Q- My client has recently enquired about the possibility of claiming relief for the expenses of cleaning of clothing that she wears in her role in nightclub security, having heard that there are flat rate expenses that employees are able to claim.
A- Your client is correct in that HMRC have issued guidance, which sets out a flat rate deduction for some industries and occupations for the cost of replacing, repairing and cleaning protective clothing or uniforms. This guidance can be found here and it was updated in July 2018.
For example, the armed forces can claim £100 per year whilst a firefighter can claim £80. Whilst for other employees £60 per year that can be claimed by employees in general where they can meet the statutory test outlined below.
In practice, the cost of clothing is seldom allowable as a deduction from earnings as it rarely meets the strict statutory test at s336 ITEPA 2003. The test requires that the employee is obliged to incur and pay it as a holder of employment and the amount is incurred wholly, exclusively and necessarily (‘WEN’) in the performance of the duties of the employment.

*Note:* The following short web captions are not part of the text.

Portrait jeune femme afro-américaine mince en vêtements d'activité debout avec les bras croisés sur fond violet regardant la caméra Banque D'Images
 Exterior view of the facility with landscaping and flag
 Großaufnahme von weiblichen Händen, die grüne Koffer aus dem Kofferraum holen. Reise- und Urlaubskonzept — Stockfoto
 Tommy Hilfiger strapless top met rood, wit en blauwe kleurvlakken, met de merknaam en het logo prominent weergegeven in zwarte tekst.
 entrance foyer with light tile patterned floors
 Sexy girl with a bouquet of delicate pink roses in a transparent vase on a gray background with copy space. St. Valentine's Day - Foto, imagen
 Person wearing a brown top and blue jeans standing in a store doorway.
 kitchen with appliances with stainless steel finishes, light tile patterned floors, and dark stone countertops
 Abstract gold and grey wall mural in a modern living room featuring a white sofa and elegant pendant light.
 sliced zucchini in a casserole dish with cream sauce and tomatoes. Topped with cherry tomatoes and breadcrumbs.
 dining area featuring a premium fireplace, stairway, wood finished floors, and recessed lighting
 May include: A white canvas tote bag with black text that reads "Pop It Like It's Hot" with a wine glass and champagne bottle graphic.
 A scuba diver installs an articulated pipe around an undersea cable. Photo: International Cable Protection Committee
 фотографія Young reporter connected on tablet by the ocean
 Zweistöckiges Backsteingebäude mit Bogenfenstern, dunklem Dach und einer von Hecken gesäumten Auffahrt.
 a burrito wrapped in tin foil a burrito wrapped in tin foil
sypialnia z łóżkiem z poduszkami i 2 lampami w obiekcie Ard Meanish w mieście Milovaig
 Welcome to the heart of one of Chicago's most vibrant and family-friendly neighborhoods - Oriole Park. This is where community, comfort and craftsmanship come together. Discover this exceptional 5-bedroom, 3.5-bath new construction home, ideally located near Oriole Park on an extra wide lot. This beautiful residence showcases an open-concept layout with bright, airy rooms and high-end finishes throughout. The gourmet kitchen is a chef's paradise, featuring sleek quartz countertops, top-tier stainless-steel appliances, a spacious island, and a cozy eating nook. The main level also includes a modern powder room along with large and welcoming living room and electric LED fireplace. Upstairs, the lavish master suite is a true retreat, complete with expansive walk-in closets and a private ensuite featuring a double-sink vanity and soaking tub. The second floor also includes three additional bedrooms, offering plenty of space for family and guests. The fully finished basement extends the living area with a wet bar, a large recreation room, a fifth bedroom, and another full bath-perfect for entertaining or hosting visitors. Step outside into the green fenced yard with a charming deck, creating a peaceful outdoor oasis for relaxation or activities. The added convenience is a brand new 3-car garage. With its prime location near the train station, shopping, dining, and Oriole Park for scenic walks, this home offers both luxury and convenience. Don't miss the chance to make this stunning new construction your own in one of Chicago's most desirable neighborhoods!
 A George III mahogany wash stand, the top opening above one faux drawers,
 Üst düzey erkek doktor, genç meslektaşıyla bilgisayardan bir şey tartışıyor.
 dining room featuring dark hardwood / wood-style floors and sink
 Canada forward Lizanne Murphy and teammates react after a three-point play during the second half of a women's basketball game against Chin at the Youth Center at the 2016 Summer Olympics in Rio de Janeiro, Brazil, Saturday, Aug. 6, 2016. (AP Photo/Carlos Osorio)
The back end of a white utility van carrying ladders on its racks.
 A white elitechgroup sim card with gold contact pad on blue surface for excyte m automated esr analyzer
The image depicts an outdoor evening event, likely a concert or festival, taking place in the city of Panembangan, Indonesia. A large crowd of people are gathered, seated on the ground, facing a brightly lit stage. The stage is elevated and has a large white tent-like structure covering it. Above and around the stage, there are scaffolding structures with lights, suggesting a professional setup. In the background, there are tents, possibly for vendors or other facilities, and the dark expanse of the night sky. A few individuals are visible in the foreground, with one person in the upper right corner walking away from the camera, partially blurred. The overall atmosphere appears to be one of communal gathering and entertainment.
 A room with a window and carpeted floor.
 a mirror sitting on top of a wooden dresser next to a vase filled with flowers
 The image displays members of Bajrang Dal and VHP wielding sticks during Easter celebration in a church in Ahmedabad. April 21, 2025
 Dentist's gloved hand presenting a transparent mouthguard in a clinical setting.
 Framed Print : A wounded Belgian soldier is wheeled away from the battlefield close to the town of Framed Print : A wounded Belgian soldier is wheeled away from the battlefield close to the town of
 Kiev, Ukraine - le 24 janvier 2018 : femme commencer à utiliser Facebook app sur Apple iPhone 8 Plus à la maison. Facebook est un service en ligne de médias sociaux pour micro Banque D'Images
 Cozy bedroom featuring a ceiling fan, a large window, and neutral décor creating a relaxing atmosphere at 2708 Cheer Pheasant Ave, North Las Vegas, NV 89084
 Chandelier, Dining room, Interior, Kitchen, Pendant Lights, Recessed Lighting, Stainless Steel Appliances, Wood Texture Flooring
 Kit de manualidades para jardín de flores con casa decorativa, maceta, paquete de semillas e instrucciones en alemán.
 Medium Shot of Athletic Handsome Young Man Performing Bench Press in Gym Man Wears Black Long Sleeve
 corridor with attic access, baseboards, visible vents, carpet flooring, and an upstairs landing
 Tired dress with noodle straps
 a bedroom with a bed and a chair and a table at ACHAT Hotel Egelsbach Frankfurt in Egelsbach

It is common for employees to meet part of the above requirement but fail to meet the whole requirement.
This is illustrated in a decision released on 4 June 2018 by the First Tier Tribunal  UKFTT 0291 (TC) in respect of the Higginbottom & Ors. Three individuals who worked in sewers had made a claim for the cleaning costs of their clothes. Their appeal against the original judgement was dismissed by the FTT.
The Treasury has not fixed any amount for relief in relation to drainage and sewerage workers or ground maintenance workers – they are not on the guidance referred to above.
In respect of toiletries, the FTT was not satisfied that such expenses were incurred ‘WEN’ in the performance of the duties of the employment. They were incurred partly for purposes of everyday personal hygiene. The FTT did indicate that a claim for £60 would have been acceptable but the claim for £2,200 was not.
As we can see, the test is particularly tight and in many cases the claim will be denied on the grounds that the clothing provides warmth and decency as well and therefore fails the wholly exclusively and necessarily test.